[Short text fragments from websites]
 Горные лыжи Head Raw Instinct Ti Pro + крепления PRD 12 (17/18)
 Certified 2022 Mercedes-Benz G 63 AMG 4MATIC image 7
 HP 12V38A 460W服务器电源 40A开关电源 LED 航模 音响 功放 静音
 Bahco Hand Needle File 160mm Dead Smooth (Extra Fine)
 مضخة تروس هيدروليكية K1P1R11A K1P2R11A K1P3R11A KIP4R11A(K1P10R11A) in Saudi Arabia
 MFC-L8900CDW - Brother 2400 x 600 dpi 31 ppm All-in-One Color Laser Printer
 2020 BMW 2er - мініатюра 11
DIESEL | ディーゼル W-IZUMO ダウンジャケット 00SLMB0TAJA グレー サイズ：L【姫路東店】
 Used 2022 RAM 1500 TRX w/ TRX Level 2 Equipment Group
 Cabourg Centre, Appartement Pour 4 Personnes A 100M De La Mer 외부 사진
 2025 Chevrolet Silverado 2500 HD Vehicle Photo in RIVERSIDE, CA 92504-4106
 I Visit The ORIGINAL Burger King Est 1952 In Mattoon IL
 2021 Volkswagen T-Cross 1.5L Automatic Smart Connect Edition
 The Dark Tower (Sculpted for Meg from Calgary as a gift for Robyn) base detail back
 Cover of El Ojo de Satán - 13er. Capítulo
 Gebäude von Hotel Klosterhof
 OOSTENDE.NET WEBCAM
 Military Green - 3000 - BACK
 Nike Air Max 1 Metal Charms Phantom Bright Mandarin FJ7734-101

§ **Task**:
From the first line through the last, repeat the entries exactly.

§ **Response area**:
 Горные лыжи Head Raw Instinct Ti Pro + крепления PRD 12 (17/18)
 Certified 2022 Mercedes-Benz G 63 AMG 4MATIC image 7
 HP 12V38A 460W服务器电源 40A开关电源 LED 航模 音响 功放 静音
 Bahco Hand Needle File 160mm Dead Smooth (Extra Fine)
 مضخة تروس هيدروليكية K1P1R11A K1P2R11A K1P3R11A KIP4R11A(K1P10R11A) in Saudi Arabia
 MFC-L8900CDW - Brother 2400 x 600 dpi 31 ppm All-in-One Color Laser Printer
 2020 BMW 2er - мініатюра 11
DIESEL | ディーゼル W-IZUMO ダウンジャケット 00SLMB0TAJA グレー サイズ：L【姫路東店】
 Used 2022 RAM 1500 TRX w/ TRX Level 2 Equipment Group
 Cabourg Centre, Appartement Pour 4 Personnes A 100M De La Mer 외부 사진
 2025 Chevrolet Silverado 2500 HD Vehicle Photo in RIVERSIDE, CA 92504-4106
 I Visit The ORIGINAL Burger King Est 1952 In Mattoon IL
 2021 Volkswagen T-Cross 1.5L Automatic Smart Connect Edition
 The Dark Tower (Sculpted for Meg from Calgary as a gift for Robyn) base detail back
 Cover of El Ojo de Satán - 13er. Capítulo
 Gebäude von Hotel Klosterhof
 OOSTENDE.NET WEBCAM
 Military Green - 3000 - BACK
 Nike Air Max 1 Metal Charms Phantom Bright Mandarin FJ7734-101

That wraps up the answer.